把我氣得張口就衝郎世寧吼道:“你怎麼拿他當模特?大熱天你不嫌熱,就不怕他中暑嗎?”
吼完也不管他,奔過去就把小寶抱了下來,小寶顫顫巍巍地攬著我的脖子,齜牙笑道:“安緹,你把郎世寧給我畫的像拿回去掛在牆上,那你回了京城,也能常常看到我了。”
我一愣,眼珠子驀地一酸,咬了咬唇才沒讓眼淚掉下來。他知道我要走,總有一天要走。哪怕這個夏天才過了一半,他就做好了心裏準備。
“秋,對不起,屋子裏的光線太暗了,所以……”郎世寧歉然地遠遠看著我,我很少在他麵前發脾氣,大概讓他怕了。
大熱天的,兩個人就為了我回京之後還能再看見小寶,在這曬太陽,我有什麼資格生氣?我抬頭看著他,剛要道歉,心中忽然產生了一個念頭,還未成形,突然被一個聲音打斷。
一個小太監提了一個大鐵桶進來,直接對我說:“姑娘,您要的冰鎮西瓜送來了,放在哪裏?”
小寶歡喜地叫了聲冰,郎世寧也笑道:“秋,你真是太貼心了!”上去就把西瓜接了過來。
被這麼一打斷,我腦中的念頭也夭折了。

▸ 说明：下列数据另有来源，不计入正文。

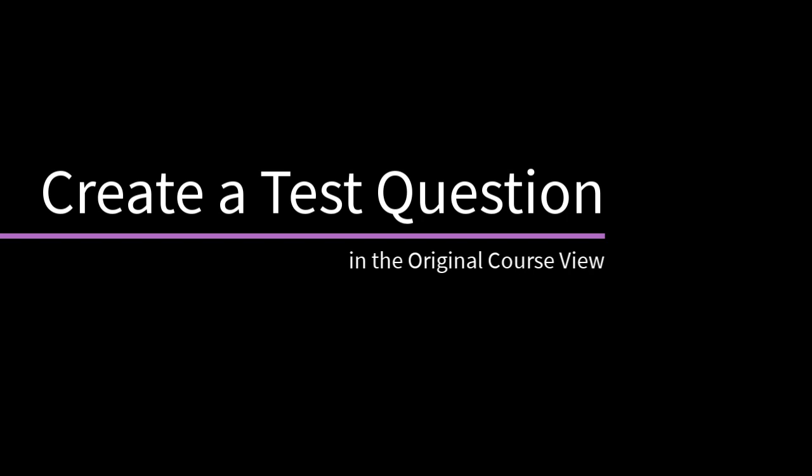Blackboard Learn provides many types of questions to choose from when creating tests. Let's take a look.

哎,想把小寶帶回京城,放在慈善院裏由郎世寧代為照顧的想法是不切實際的,他又不是尋常的窮人家的孩子或者孤兒!雖然爹不疼娘不在,卻哪兒都不能去,隻能被囚禁在這裏。
一時間,皇家的親情和無情令我感慨萬千。
下午六點,太陽將將開始落山,我和郎世寧騎馬把小寶送回家去,他那個又醜又凶的嬤嬤開門就衝我們大聲嚷,說的似乎是蒙古語。這兩年,在皇上的鞭策下,我的蒙語進步不小,可聽她鼻音很重,語速又快,我聽得很痛苦,郎世寧就更是一頭霧水。
小寶攀著我的脖子笑道:“安緹,我姆媽說你很美。”
我笑著戳戳他的額頭,在他耳邊細聲叮囑:“明天早晨要早早溜出來,多穿件袍子。”
我們商量好明天早起騎馬去草原看日出。
他笑眯眯點點頭,撒手進門去,那嬤嬤狠狠把門踹上了。